### PROBLEM DESCRIPTION
Please give all of the data again, character for character, and drop the pictures.
[[ THE DATA, beginning ]]
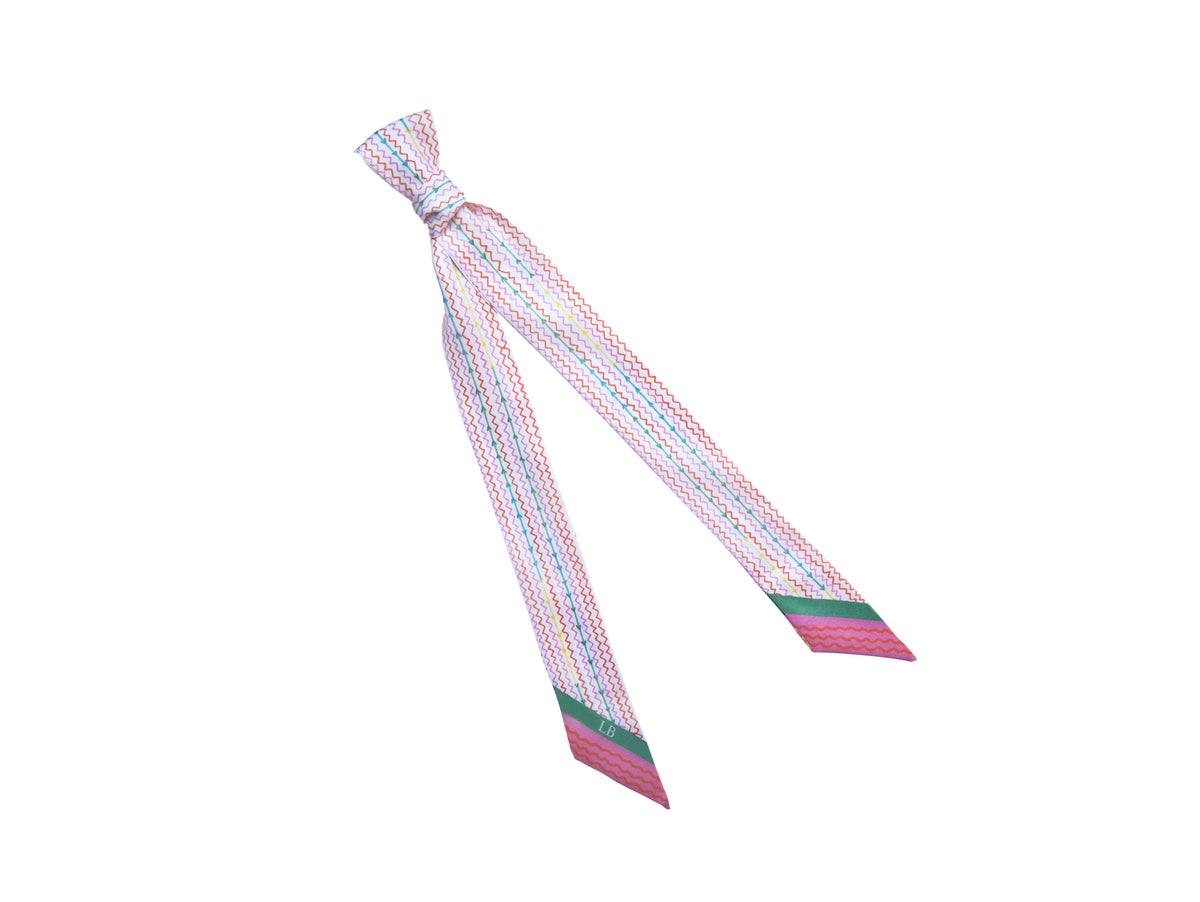 Banderole Silk Ribbon Scarf Zig Zag White Multi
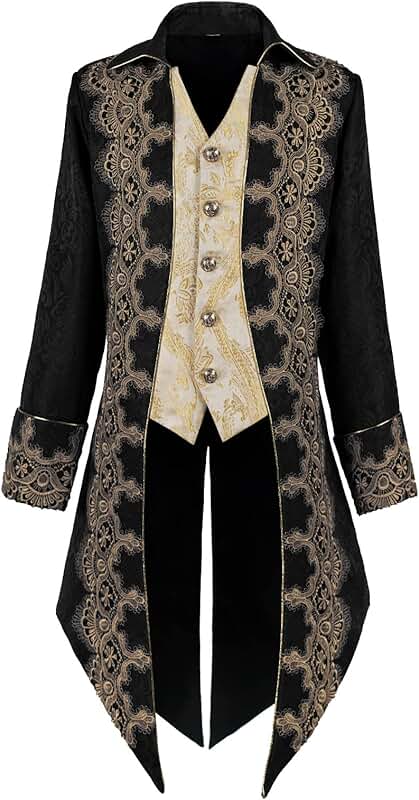 Men's Vintage Gothic Embroidered Tailcoat Jacket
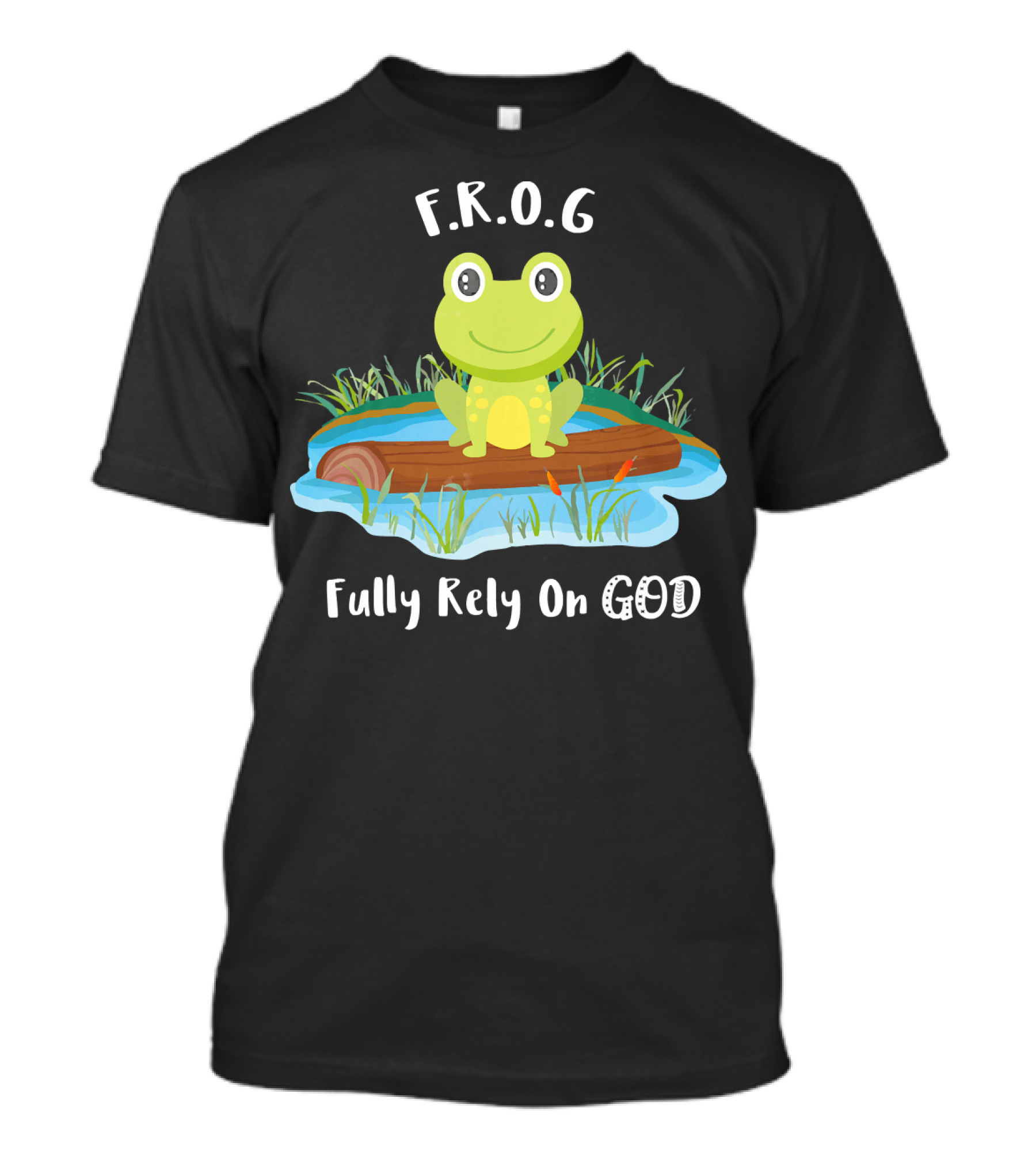 F.R.O.G Fully Rely On God Frog On Lily Pad T-Shirt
[[ THE DATA, end ]]
### SOLUTION FOR THIS EXERCISE
 Banderole Silk Ribbon Scarf Zig Zag White Multi
 Men's Vintage Gothic Embroidered Tailcoat Jacket
 F.R.O.G Fully Rely On God Frog On Lily Pad T-Shirt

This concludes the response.